Manuel Pablo Ascunce Domenech

Died: November 26, 1961

He was born in Sagua la Grande, province of Villa Clara, a young Cuban who was murdered while teaching literacy at the hands of counter-revolutionary bands.

Manuel Pablo Ascunce Domenech, son of Evelia and Manuel, she a housewife and he an employee. His paternal grandparents were Eladio and Guillermina and his maternal grandparents, Vicente and Juana Rosa. Fate willed that this birth occur three days before another anniversary of José Martí's birthday was commemorated, as if chance had wanted to bestow this gift upon the Apostle of Cuba.

On January 23, 1947, nearly two years old, he was baptized in the Parish Church of Sagua. His godparents were Guillermina Hernández Santos and Arnaldo Hernández Solloa. It was a humble family, with the characteristics typical of the pseudo-republic era.

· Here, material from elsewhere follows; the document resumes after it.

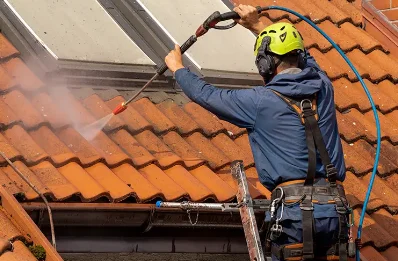Démoussage et hydrofuge de toiture à Thiergeville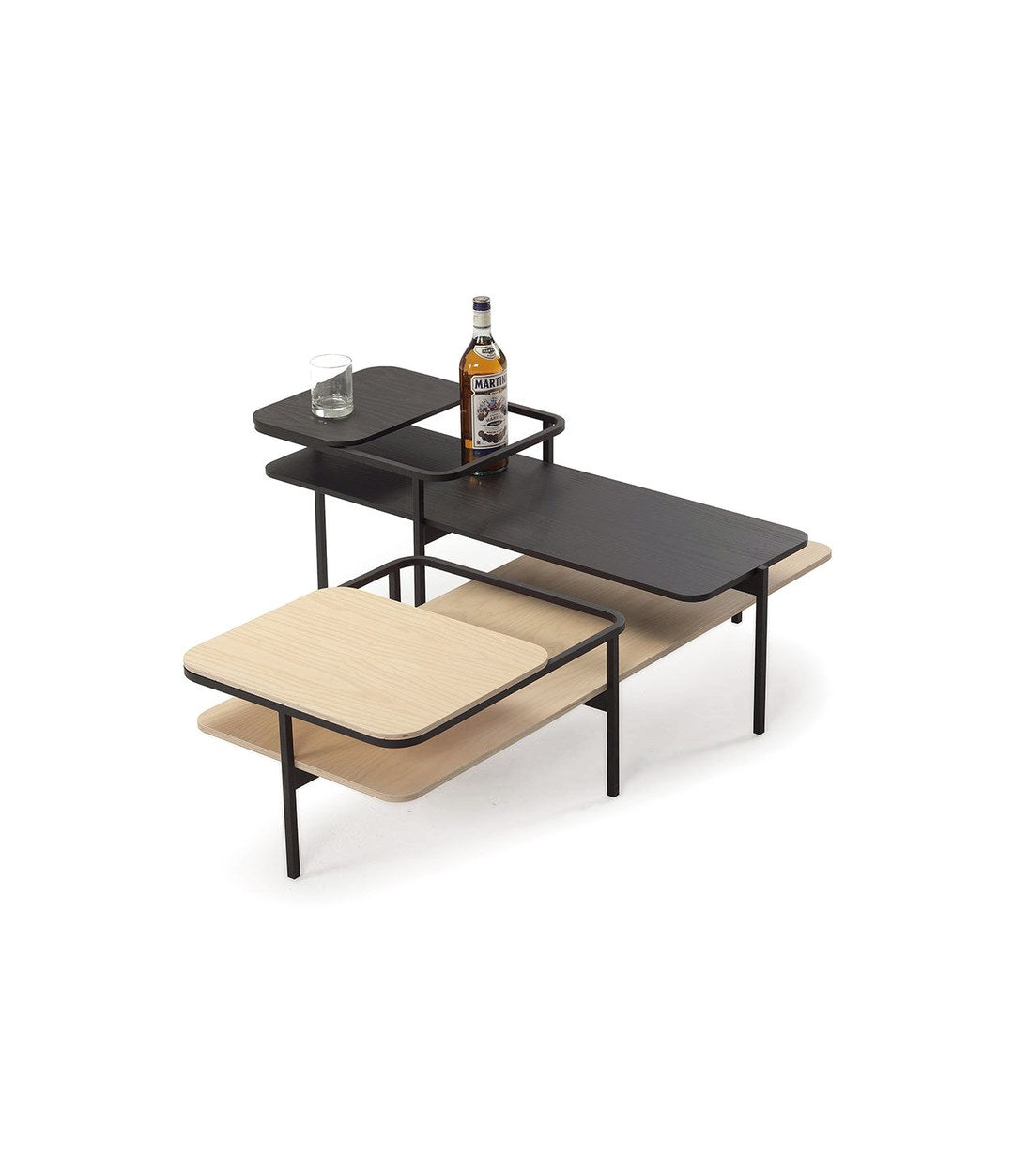 Duplex Coffee Table by Sancal in black and ash with a tray – In Dubai by WSPR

When Manuel was two years old, the family moved to the capital, to a residence located at Justicia No. 574, between Santa Felicia and Santa Ana, in the Luyanó neighborhood. His childhood was happy, surrounded by the love of his parents, grandparents, and his younger sister Mambla, his childhood companion, for whom he felt great affection. At the age of seven, his parents proposed that he make his first communion, to which he responded: "I don't want anything to do with priests." His insistence on this was so strong that Evelia and Manuel decided not to prepare him in Catholic doctrine, nor to speak with him about the subject again.

He completed his primary education in the schools "Santa Marta" and "El Éxito," in the Luyanó neighborhood itself, where he finished sixth grade in the 1957-58 school year, at the age of thirteen. From a very early age he proved to be a disciplined, calm, and studious student, with a serious character, though he enjoyed games and making jokes. He was always an example to his only sister Mambla. Evelia recounts that during Manuel's childhood, he loved animals and was generous. On one occasion his father bought him a pet to play ball with, but she noticed its absence, so she asked Manolito about it, to which he responded: "that he had lent it to a little friend because he didn't have one."

On several occasions his sister Mambla, who liked to play with sparrows that fell in the yard, watched as Manolito tried to return the chicks to their nests. He was very clean and vain; when he fell on the floor and got up, he never wiped his hands on his clothes, but rather with them held high, he would run to the bathroom to wash them.

He pursued secondary education at the "América" school, located on Herrera and Guanabacoa, Luyanó, where he took seventh grade and began eighth grade at another campus of the school in the same neighborhood. He loved parties very much, had a youthful character that earned him the confidence and affection of his classmates. He was a dark-haired boy, of fair complexion and very expressive eyes. He possessed extreme nobility, had nothing of his own, and felt great sensitivity for everything around him. Lately he was already taller than his father, according to his mother, and he always listened attentively to all of Fidel's speeches, as was customary in the family.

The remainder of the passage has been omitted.